2011 was another solid year of financial performance. However, it was also a year in which we launched more new services than in any other year in our history, while at the same time making important improvement to our existing services.
As a result, we enter 2012 with significant momentum. We believe we have the best distribution channel in the Internet economy. And leveraging this channel as we are through the continued introduction of new services, such as Ting, will support our continued growth and diversification beyond domain registration.
Our ability to do this in an efficient manner with little capital investment or impact on operating expenses will support both our ability to consistently generate cash and our commitment to returning capital to shareholders over the long term.

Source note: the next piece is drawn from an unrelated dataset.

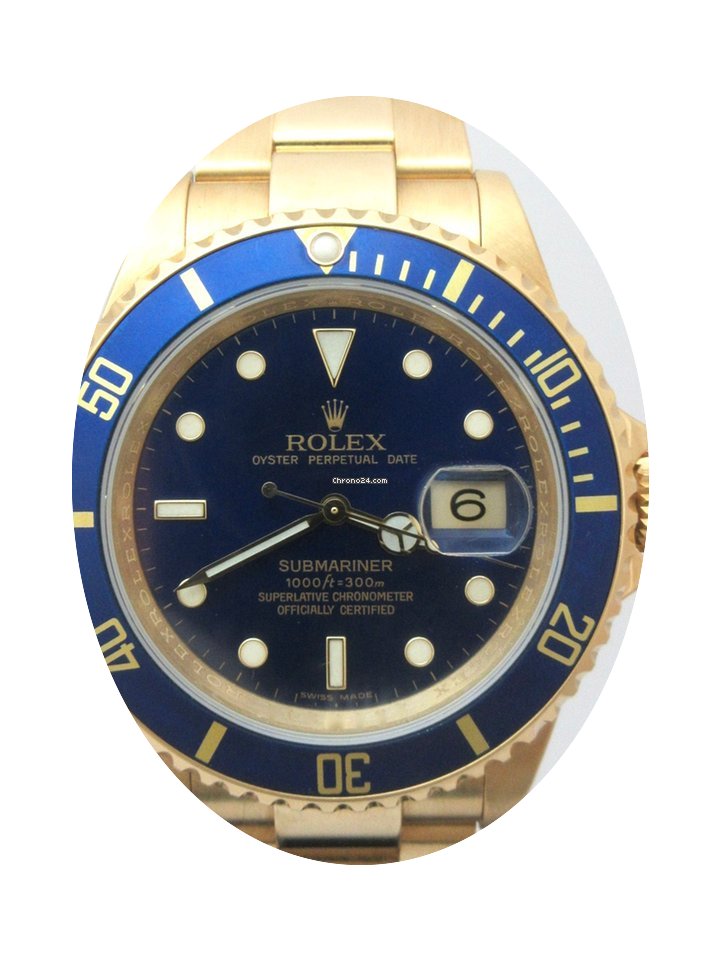 Rolex Submariner 16618 RRR...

And with that, I'd like to open the call to questions. Operator?
Operator
(Operator Instructions). Your first question comes from the line of Alex Grassino from Laurentian Securities. Your line is open.
Alex Grassino - Analyst
Good afternoon, gentlemen. Nice quarter.
Elliot Noss - President & CEO
Hi, Alex. Thanks.
Alex Grassino - Analyst
In terms of Ting, can you just give us some of the lessons you might've learned off of the beta that you ran, or were there any -- ?
Elliot Noss - President & CEO
-- Sure. Sure. Yes, there were -- I mean, what we really want to do, whether it's Ting or the rest of our business, is really let the market teach us. There were a couple things that we were very much able to take away.
There were, of course, all sorts of [nits] that got worked out and presentation of certain ideas and certain ways. But, I think two big ones that I'll call out, a first was that there is a real resonance for Ting with small businesses. And that was something that I've talked about a little bit in the past. I think I might've mentioned it on the last call. But, it's something we're very clearly -- we didn't appreciate how underserved that niche might've been.
And so, we've done some things, for instance, in the way that we're presenting and allowing multiple phones. We've taken sort of the easy presentation of a number of devices in a bucket up from six to 20 as an example. And we'll go past that. But, that's just in the presentation, so that small business opportunity.
I think the second large one was what I like to jokingly call moms ride free. So, what you had was -- and again, I think I touched on this last call, but I want to go a little further with it -- is really an appreciation by some -- I'll call them smarter, more sophisticated customers, which is just the kind of customer that we think Ting should appeal to that, if they added a parent and got their parent a cell phone, often a feature phone, the lowest least-expensive phone they could get from us, that essentially they would only have to pay the $6 fee to keep the device alive because it would be rare that the parent's usage would actually drive them up into an additional bucket.
So, from that perspective, you're paying $6. You're keeping your parents there. You can manage and track their usage, deal with their problems, which as a good geek you are probably doing anyway. And there's a real resonance there. So, it's again that just something that emerged up from the customer set that was great learning. And it's fantastic from our perspective.
Alex Grassino - Analyst
Great. And just I guess more technical question in terms of inventory, you have any sort of conceptual ideas where you want to keep inventory levels for your phones?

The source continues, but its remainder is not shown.